### INPUT DATA ###
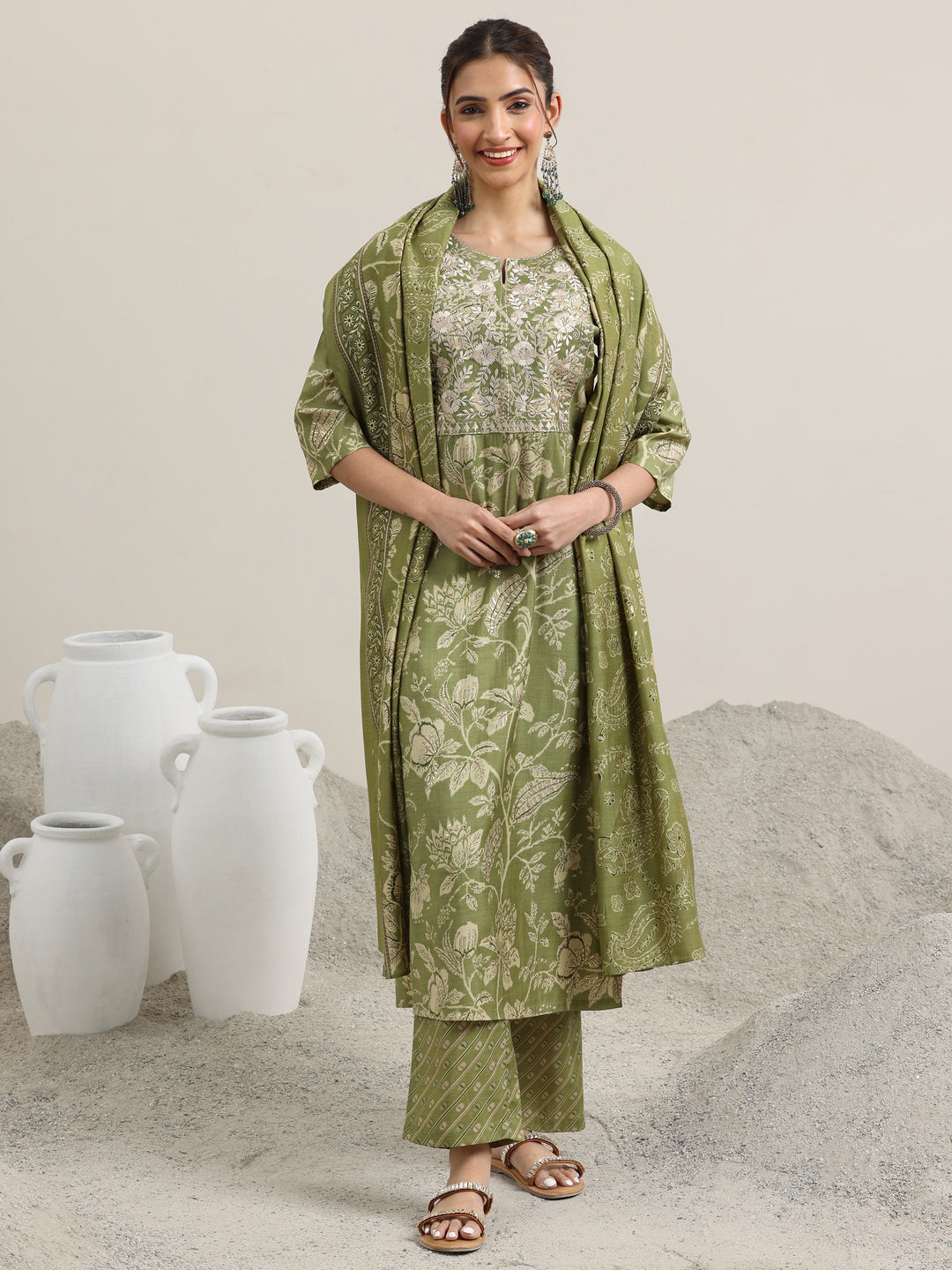 Green Printed Silk Blend Straight Suit With Dupatta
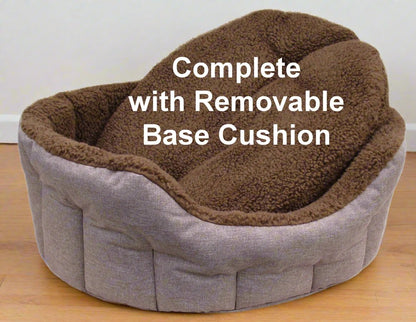 Premium Oval Bolster Style Heavy Duty Fleece Lined Machine Washable Dog Bed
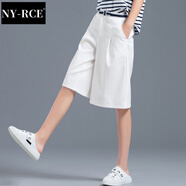 NY-RCE高腰冰絲闊腿褲直筒休閑短褲女夏寬松中褲裙褲大碼五分褲六分褲子 白色 30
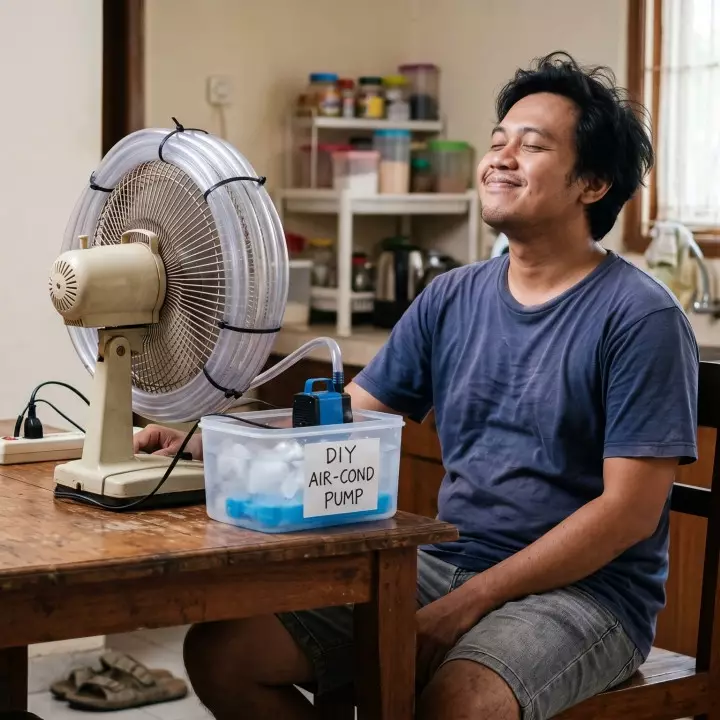 Cara mengubah kipas angin jadi sedingin AC pakai barang bekas dapur, bye ruangan panas!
###
:: PROBLEM TO WORK ON ::
Every line above should be repeated exactly; pictures stay out of the copy.

:: ANSWER ::
 Green Printed Silk Blend Straight Suit With Dupatta
 Premium Oval Bolster Style Heavy Duty Fleece Lined Machine Washable Dog Bed
 NY-RCE高腰冰絲闊腿褲直筒休閑短褲女夏寬松中褲裙褲大碼五分褲六分褲子 白色 30
 Cara mengubah kipas angin jadi sedingin AC pakai barang bekas dapur, bye ruangan panas!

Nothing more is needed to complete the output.